SOCIEDAD • SUBNOTA
› Por Mariana Carbajal
Yo no voy a ir en el patrullero –recuerda Natividad Obeso que le dijo al mayor Bernardo Ojeda, cuando el oficial le comunicó que había llegado una orden de detención acusándola de terrorista y tenía que trasladarla hasta los tribunales de Cajamarca a declarar. El uniformado, que la apreciaba como tantos en su pueblo, Cajabamba, le permitió viajar en su propia camioneta. Pero custodiada y esposada.

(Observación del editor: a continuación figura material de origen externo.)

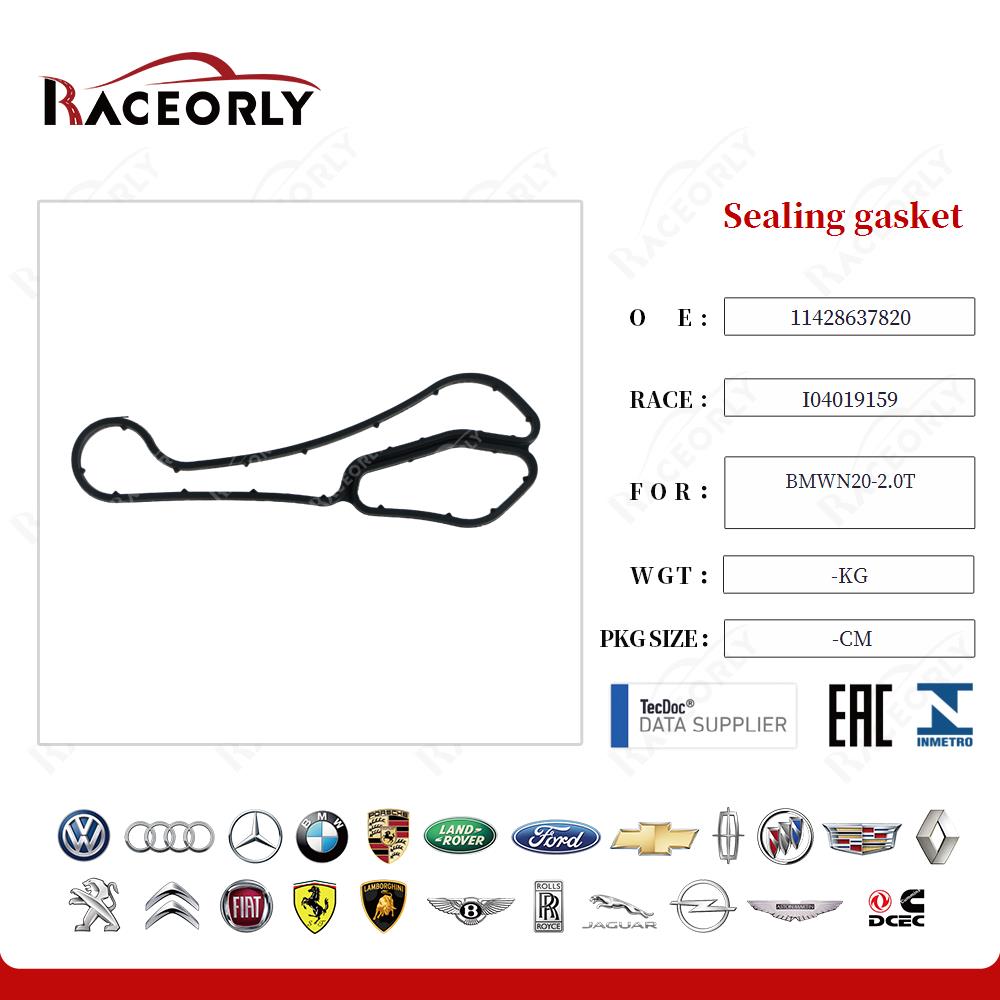 Sealing gasket 11428637820 for BMWN20-2.0T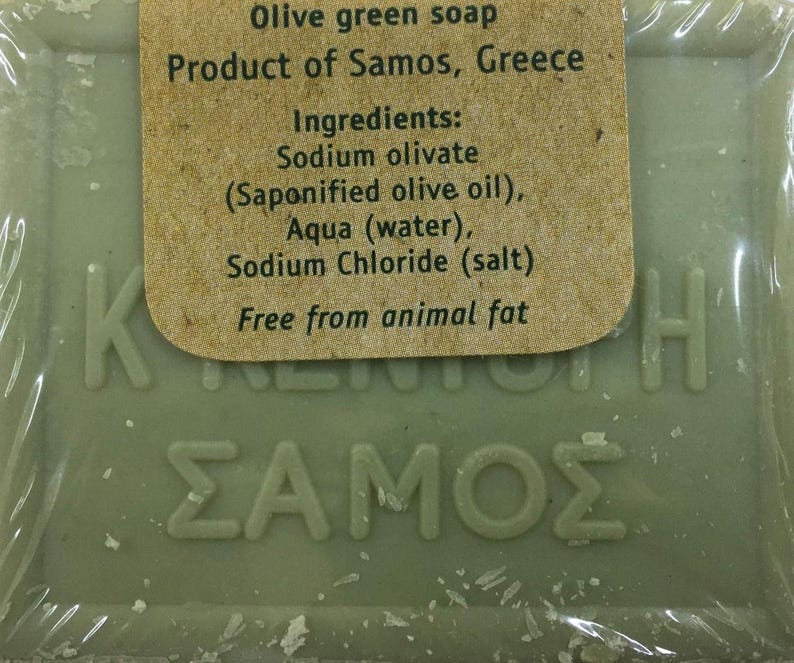 Greek Traditional Pure Olive Oil Soap from Samos island 4x100gr/3.53oz image 2
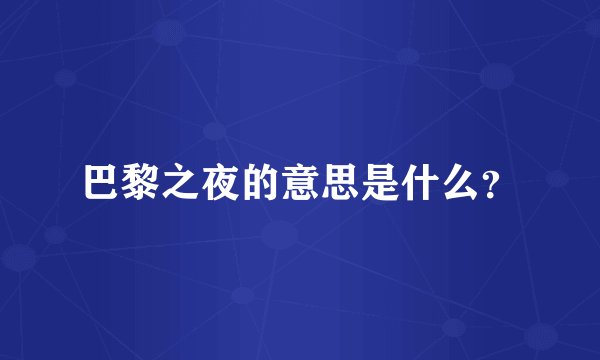 巴黎之夜的意思是什么？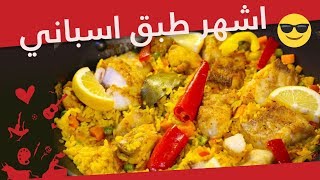 #وجبات_15_ثانية | باييلا السمك | 15smeals | Fish Paella Recipe#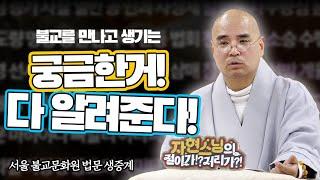기독교의 구원과 불교 극락의 차이는? 티벳불교는 왜 문제일까? 등등 - 서울불교문화원 법문 생중계 (절이가!? 2월 5일)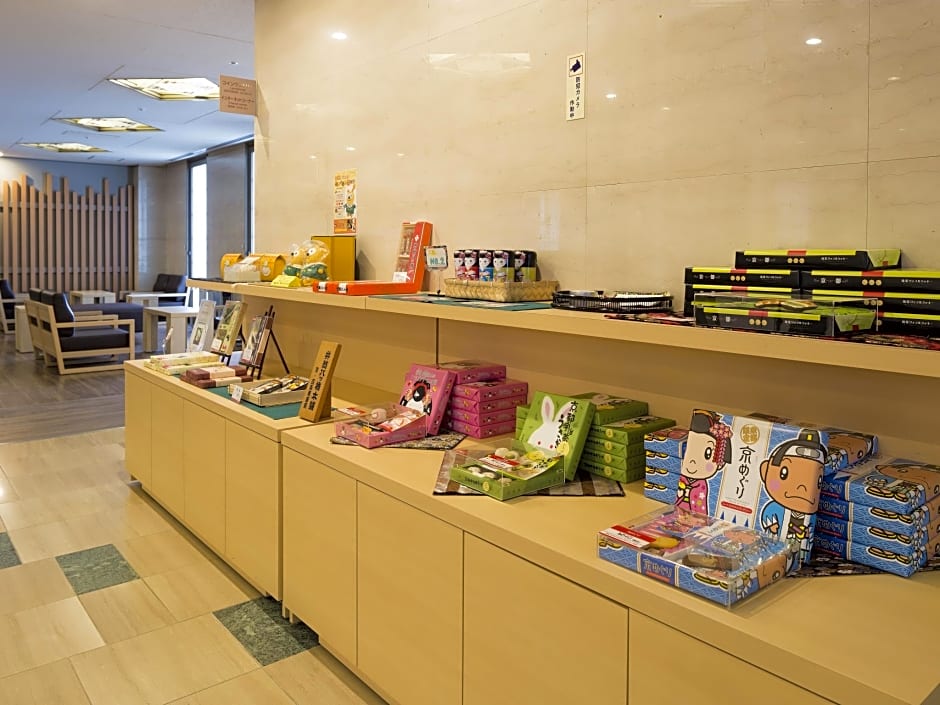 Ark Hotel Kyoto -ROUTE INN HOTELS-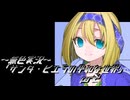 《無色実況》【ホラーADV】｢サンタ・ピエラの平和な世界」part2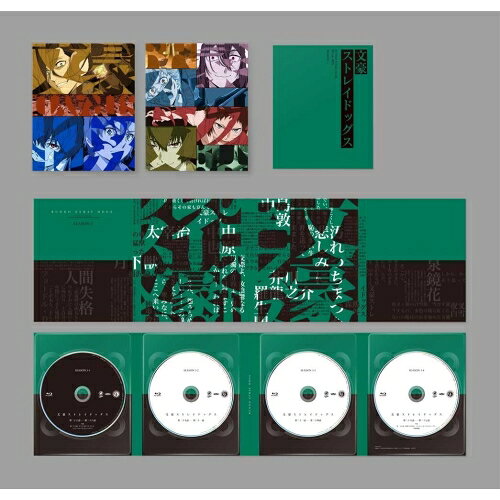 BD / TVアニメ / 文豪ストレイドッグス Blu-ray BOX SEASON3(Blu-ray) / KAXA-9845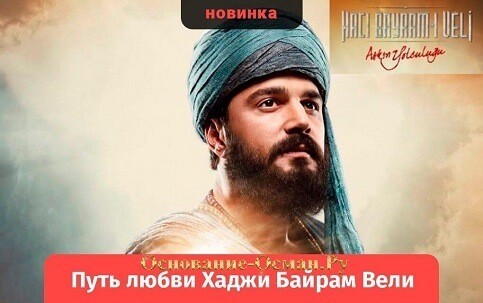 ПУТЬ ЛЮБВИ ХАДЖИ БАЙРАМ ВЕЛИ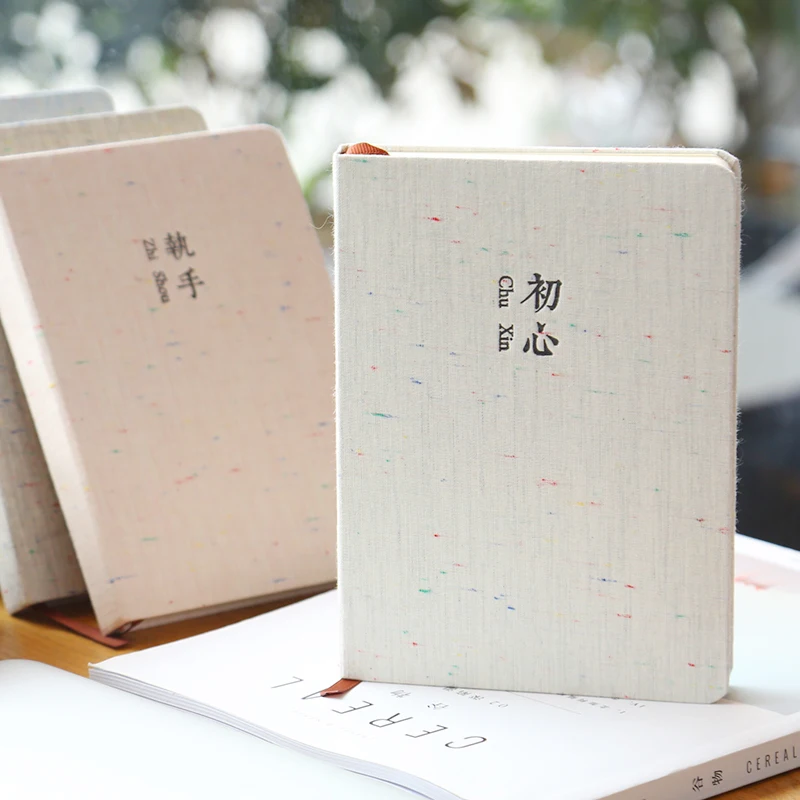 OUR-STORY-BEGINS Hey Youth Series II Notebook Simple! Solid Color Cloth Notepad Diary 1PCS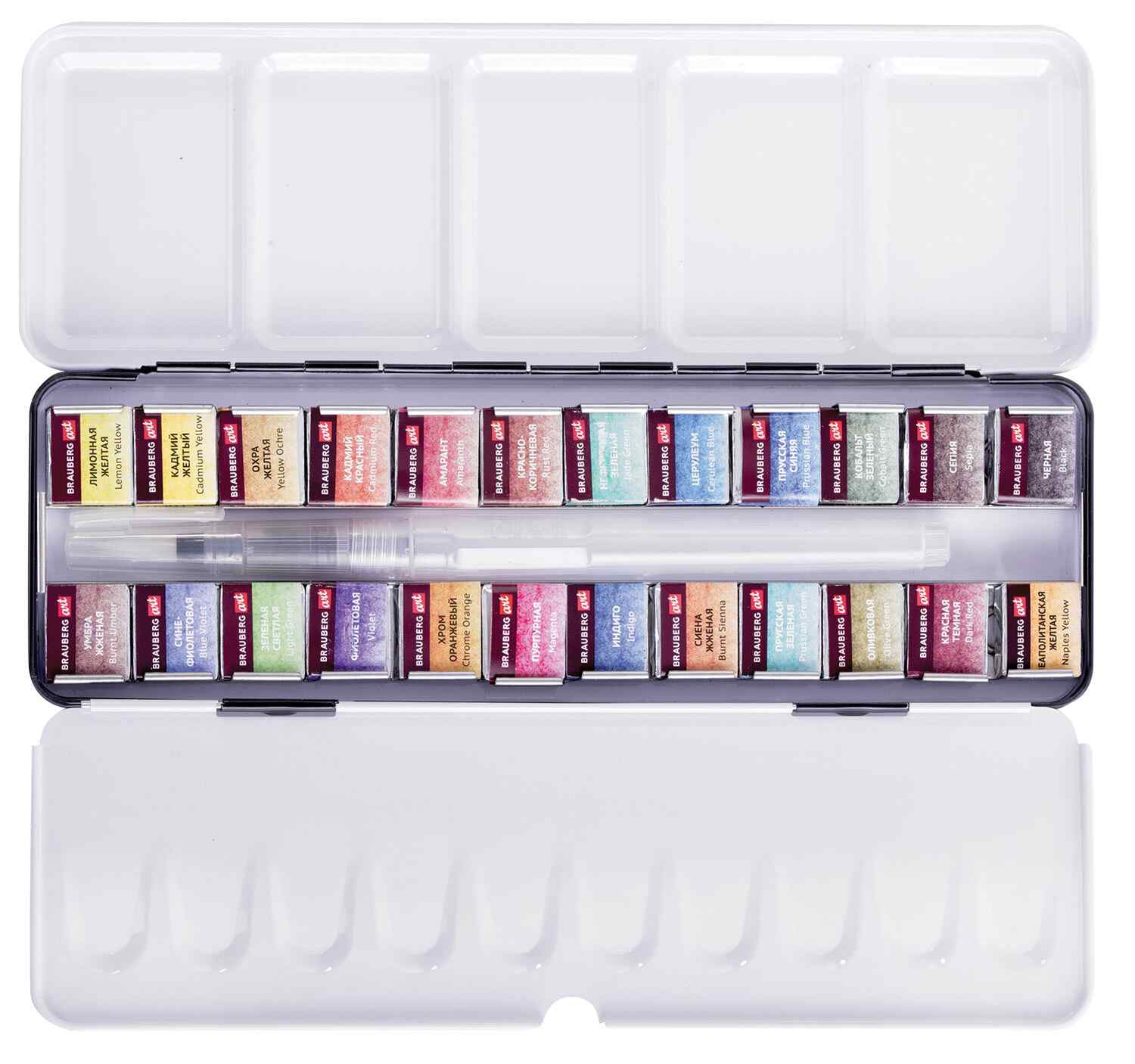 картинка Краски акварельные художественные, 24 цв по 3,5 гр, кювет, BRAUBERG ART, 191773 от магазина Альфанит в Кунгуре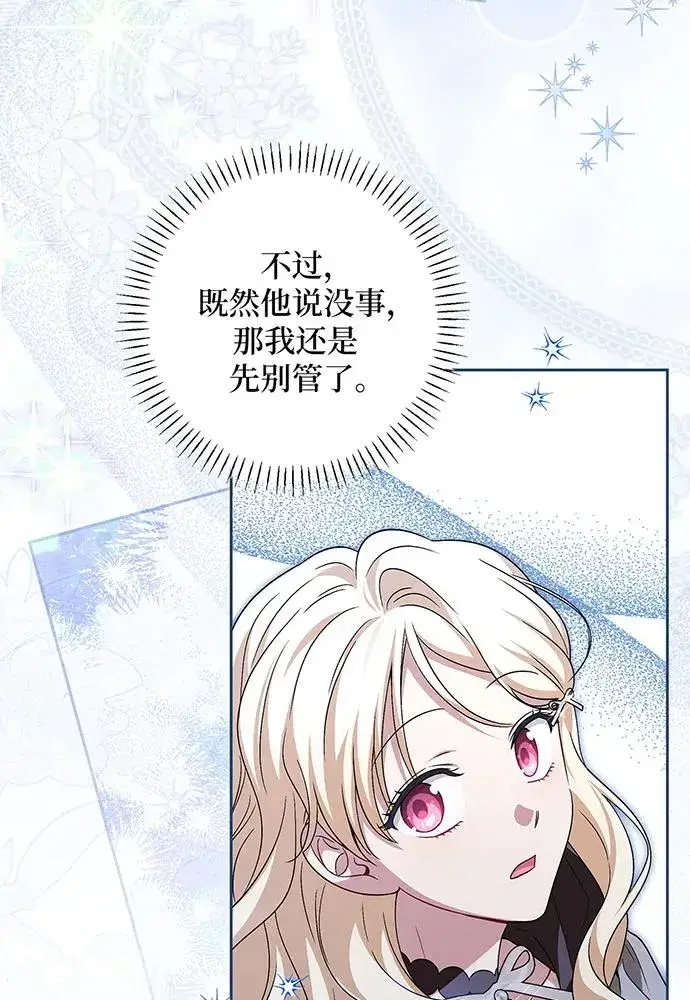 漫画《反派家族反对独立》第42话第8张图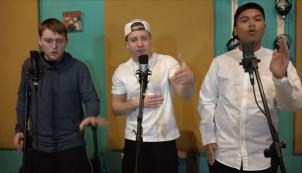 Beatbox House NaPom Kenny Urban and Chris Celiz Tutorial Videos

La fiscal que tenía su caso le preguntó tres veces, en la indagatoria, si era terrorista. Tres veces –dice Natividad– ella lo negó. Hasta que la fiscal le susurró algo a un policía que presenciaba la declaración y el uniformado pasó a aconsejarle que aceptara la acusación, que si no la detendrían, la torturarían hasta que lo admitiera. En cambio, así, podría regresar a su casa mientras proseguía la investigación... y podía intentar escapar. “Tuve que decir que sí, que era terrorista. De ahí me llevaron al Departamento de Policía de Cajamarca, donde me informaron que yo había adherido a la Ley del Arrepentimiento, que implicaba una pena menor, pero también la cárcel”, sigue Natividad.
Recorrió en su camioneta las seis horas que separan Cajabamba de Cajamarca.
–Llegué a la madrugada. Cargué las maletas. Tapé la camioneta para que no las vieran. Y esperé hasta las 8 para mandar un fax a la Sociedad Cervecera de Trujillo para avisarle que entregaba la distribuidora por fuerza mayor. Me fui entonces con mis cuatro hijos, en ese tiempo de 11, 9, 6 y 3 años, a Trujillo, una localidad en la costa. Ahí alquilé un departamento y compré todo lo necesario para montar una casa, heladera, camas, mesa. Y dejé ahí a mis hijos con mi mamá.
Cinco años pasaron hasta que pudo volver a abrazarlos, cinco años que vivió en el exilio en Buenos Aires al borde de la locura y la desesperación.